1.3.1 Accounting for capitalized interest

The historical cost of acquiring an asset should include all costs necessary to bring it to the condition and location necessary for its intended use. As a result, the cost incurred in financing expenditures for an asset during a required construction or development period is itself a part of the asset’s historical acquisition cost. The cause-and-effect relationship between acquiring an asset and the incurrence of interest costs makes interest cost analogous to a direct cost that is readily and objectively assignable to the acquired asset.
ASC 835-20-15-5 defines qualifying assets while ASC 835-20-15-6 lists those assets for which interest should not be capitalized.

>> Assets for Which Interest Shall Be Capitalized
Interest shall be capitalized for the following types of assets (qualifying assets):
a. Assets that are constructed or otherwise produced for an entity's own use, including assets constructed or produced for the entity by others for which deposits or progress payments have been made.
b. Assets intended for sale or lease that are constructed or otherwise produced as discrete projects (for example, ships or real estate developments).
c. Investments (equity, loans, and advances) accounted for by the equity method while the investee has activities in progress necessary to commence its planned principal operations provided that the investee's activities include the use of funds to acquire qualifying assets for its operations. The investor's investment in the investee, not the individual assets or projects of the investee, is the qualifying asset for purposes of interest capitalization.

>> Assets for Which Interest Shall Not Be Capitalized
Interest shall not be capitalized for the following types of assets:
a. Assets that are in use or ready for their intended use in the earning activities of the entity
b. Assets that are not being used in the earning activities of the entity and that are not undergoing the activities necessary to get them ready for use
c. Assets that are not included in the consolidated balance sheet of the parent entity and consolidated subsidiaries
d. Investments accounted for by the equity method after the planned principal operations of the investee begin (see paragraph 835-20-55-2 for clarification of the phrase after planned principal operations begin)
e. Investments in regulated investees that are capitalizing both the cost of debt and equity capital (see paragraph 835-20-55-3 for guidance on capitalization of costs by a regulated investee)
f. Assets acquired with gifts and grants that are restricted by the donor or grantor to acquisition of those assets to the extent that funds are available from such gifts and grants. Interest earned from temporary investment of those funds that is similarly restricted shall be considered an addition to the gift or grant for this purpose.
g. Inventories that are routinely manufactured or otherwise produced in large quantities on a repetitive basis.

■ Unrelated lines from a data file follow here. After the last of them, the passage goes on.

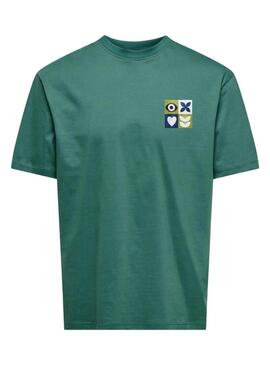 Maglietta Only and Sons Art not War verde per uomo.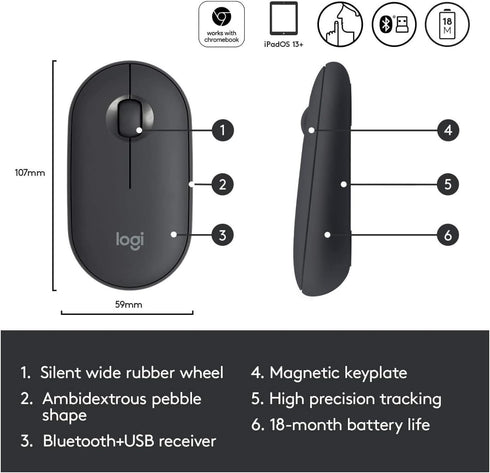Logitech Pebble Wireless Mouse with Bluetooth or 2.4 GHz Receiver, Silent, Slim Computer Mouse with Quiet Clicks, for Laptop/Notebook/iPad/PC/Mac/...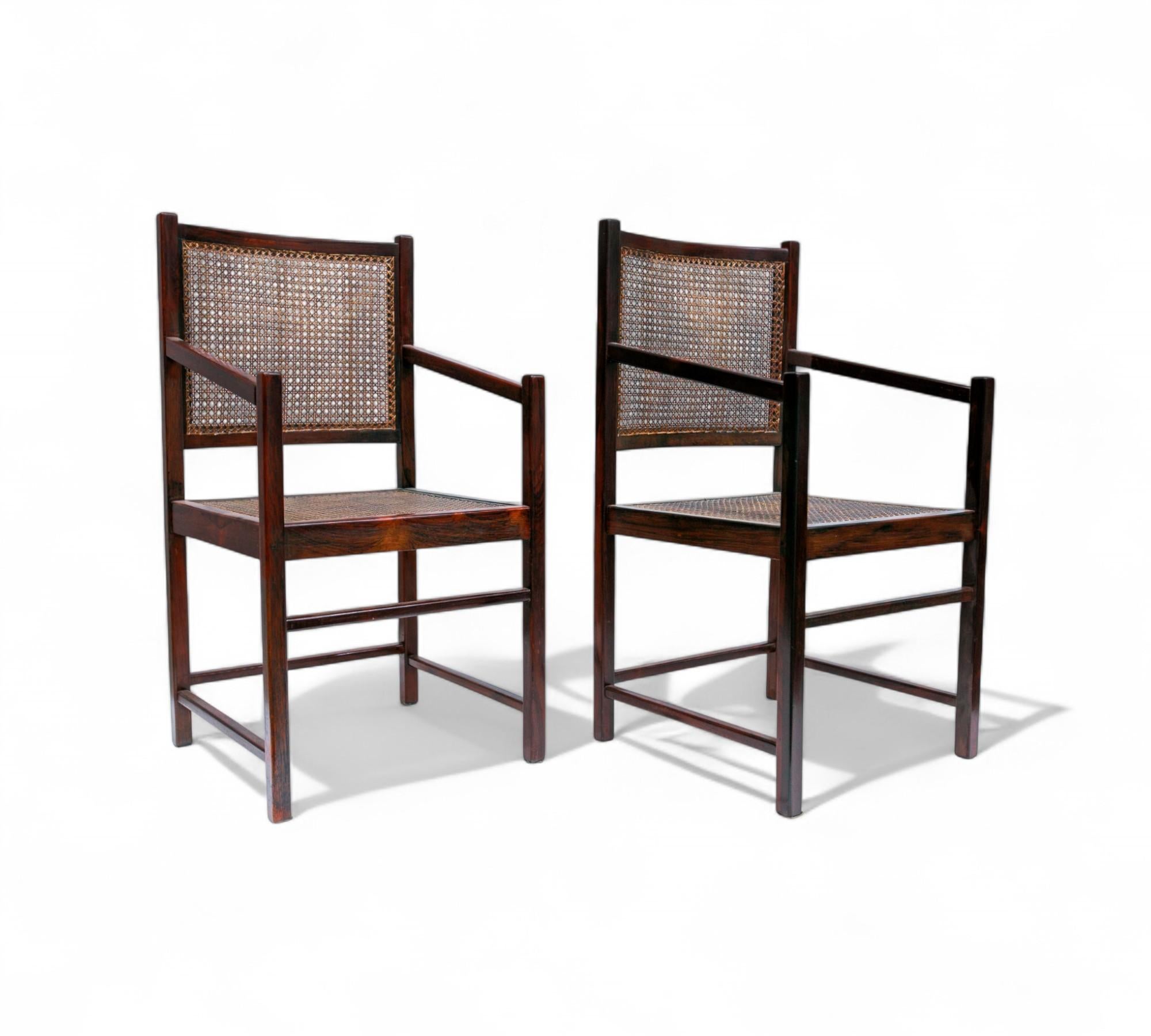 Brazilian Modern Armchairs in Hardwood & Caning, Unknown, Brazil, 1960s For Sale 2
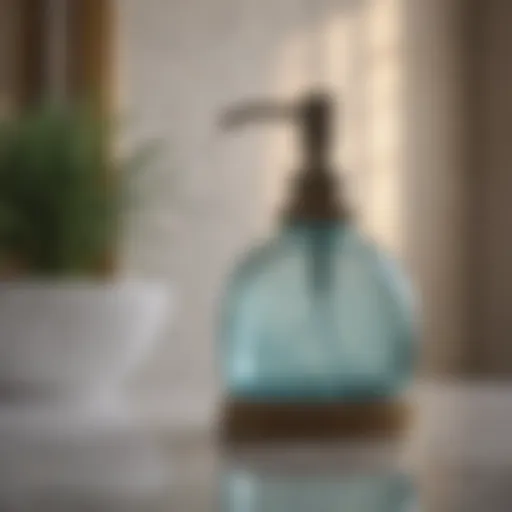 Elegant aqua soap dispenser on a marble countertop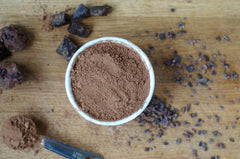 Baking scene featuring Anthony's Cocoa Powder enriching color in treats.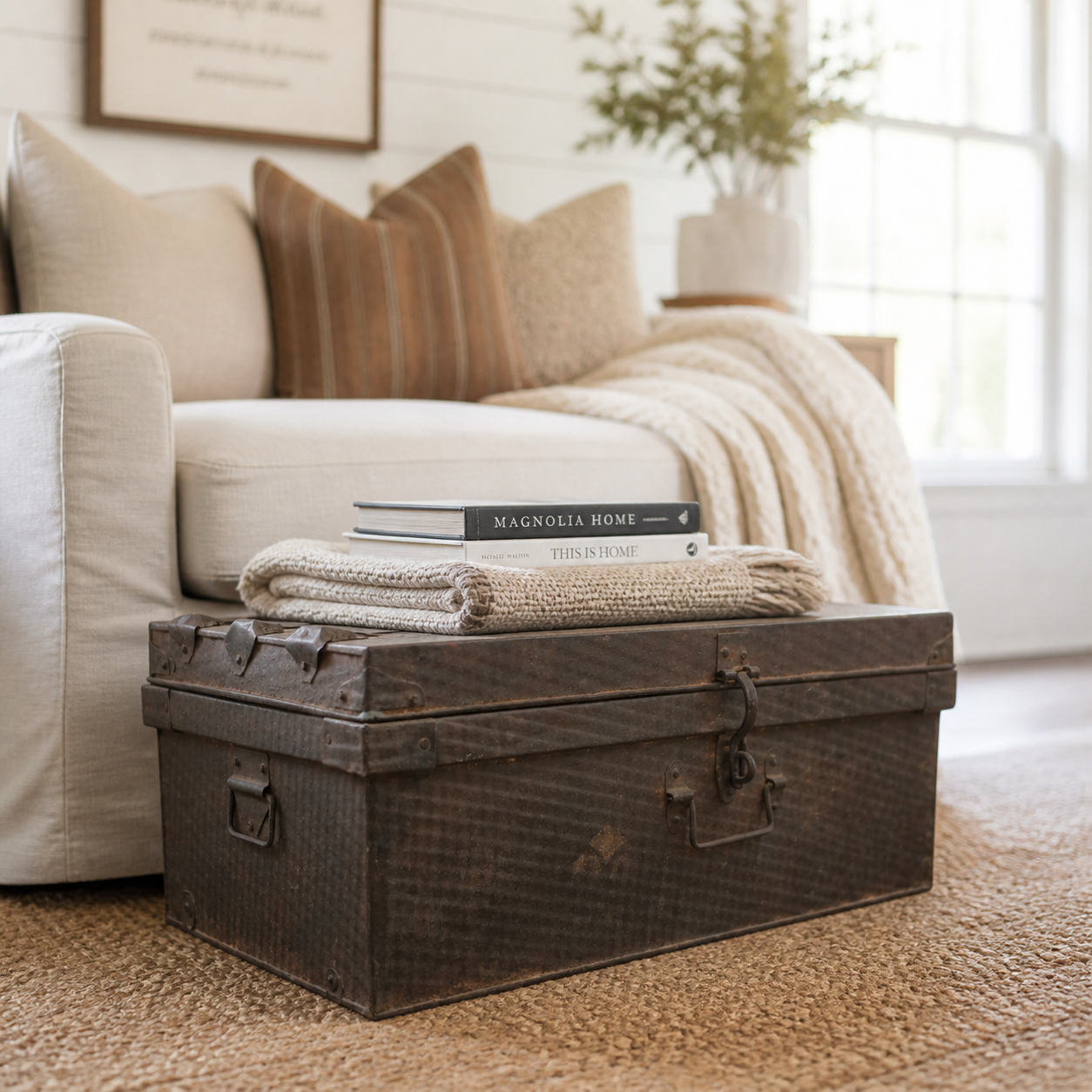 Vintage Metal Travel Trunk | Rustic Storage | Modern Farmhouse Decor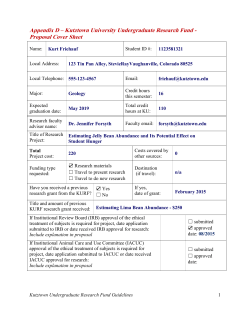 Kurt Friehauf - Example Proposal for Kutztown University Petrology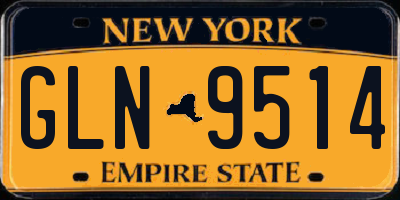 NY license plate GLN9514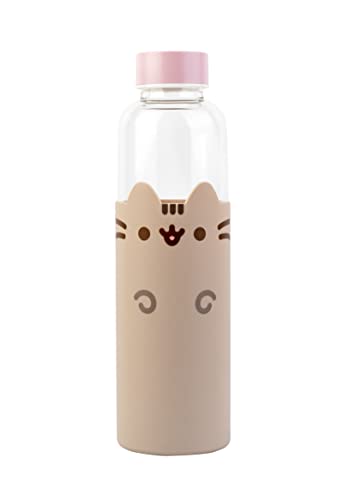 Grupo Erik Glass Water Bottle - Pusheen Merchandise - 17oz / 500ml Water Bottle Hot and Cold, Glass Bottle, Travel Bottles, Gym Bottle - Pusheen Gifts For Cat Lovers
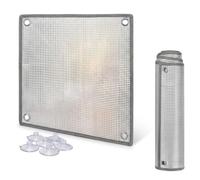 Película Aislante Térmico Control Calor para Ventanas, Película Protector Solar Reflectante de Aluminio para Casa, 8mm Opaca Total Vinilo Ventana Privacidad para Solárium, Coche(Gris,35cm*130cm)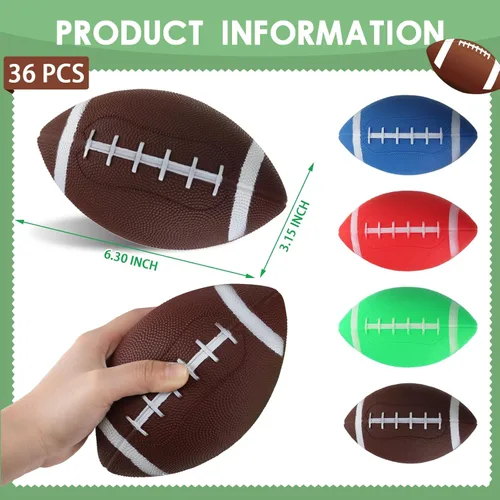 Miniatura 2 de Sosation 12 piezas de mini inflables de fútbol a granel pequeños regalos temáticos de fiesta de fútbol rugby juguetes para juegos al aire libre e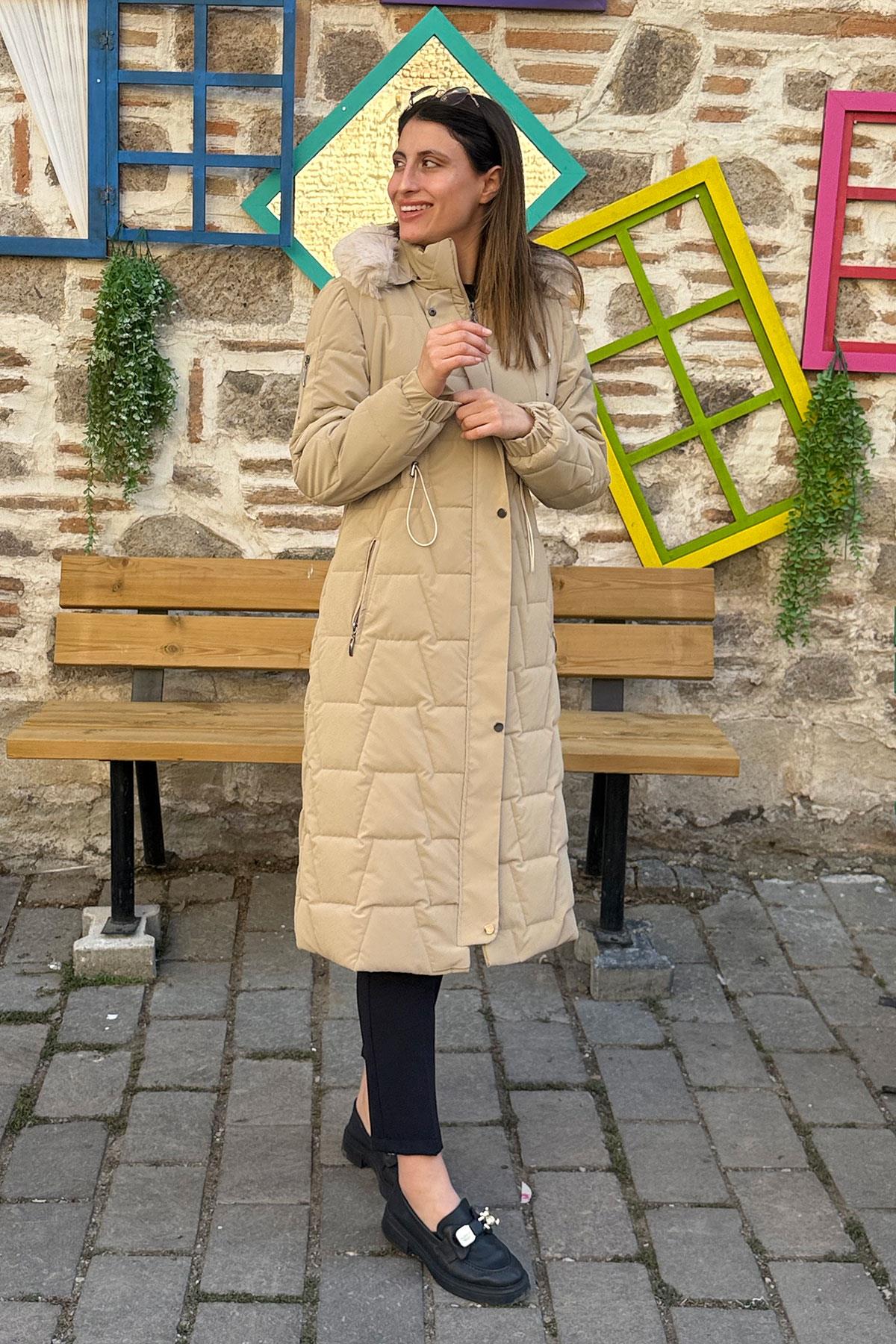 Cosmo Vazo Desen Belden Büzgülü Kaban - BEJ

The examples provided in ASC 835-20 make it clear that a discrete project should involve a significant revenue-producing asset that is not produced in large quantities, but such an asset may be constructed or otherwise produced on an ongoing basis. The existence of the following characteristics may help in identifying discrete projects: (1) separate cost records, (2) a considerable time period involved in construction or manufacture, (3) significant expenditures, (4) compliance with customer specifications, or (5) progress payments.
When borrowings exist, the expenditures required by a discrete project result in a significant amount of interest cost to bring the project to its intended use. Thus, a discrete project differs from those assets produced routinely and repetitively for sale or lease that individually do not result in the incurrence of significant interest cost.
Failure to capitalize the interest cost associated with qualifying assets improperly reduces reported earnings during the period and increases reporting earnings in later periods. As such, ASC 835-20 requires interest cost to be included as a component of the historical cost of assets constructed for a company’s own use (e.g., facilities or internal-use software). Amount of interest to be capitalized

Interest cost that theoretically could have been avoided if expenditures for qualifying assets had not been made should be capitalized. The interest to be capitalized is determined by applying a capitalization rate to the weighted-average carrying amount of expenditures for the asset during the period. The amount of interest cost capitalized should not exceed the amount of interest cost incurred by the reporting entity in that period.
ASC 835-30 permits some flexibility in determining the capitalization rate. It may be the rate of a specific new borrowing that can be associated with a qualifying asset or a rate determined by a weighted-average technique. We believe the weighted-average technique should be viewed as the primary method for determining a capitalization rate since proceeds from a specific borrowing are typically not identifiable to a particular qualifying asset. In identifying the borrowings to be included in the weighted-average carrying amount, judgment will be required. The objective is to obtain a reasonable measure of the cost of financing the asset while getting the asset ready for its intended use. However, when a specific new borrowing can be identified with a qualifying asset, ASC 835-20-30-3 provides additional considerations for determining the capitalization rate.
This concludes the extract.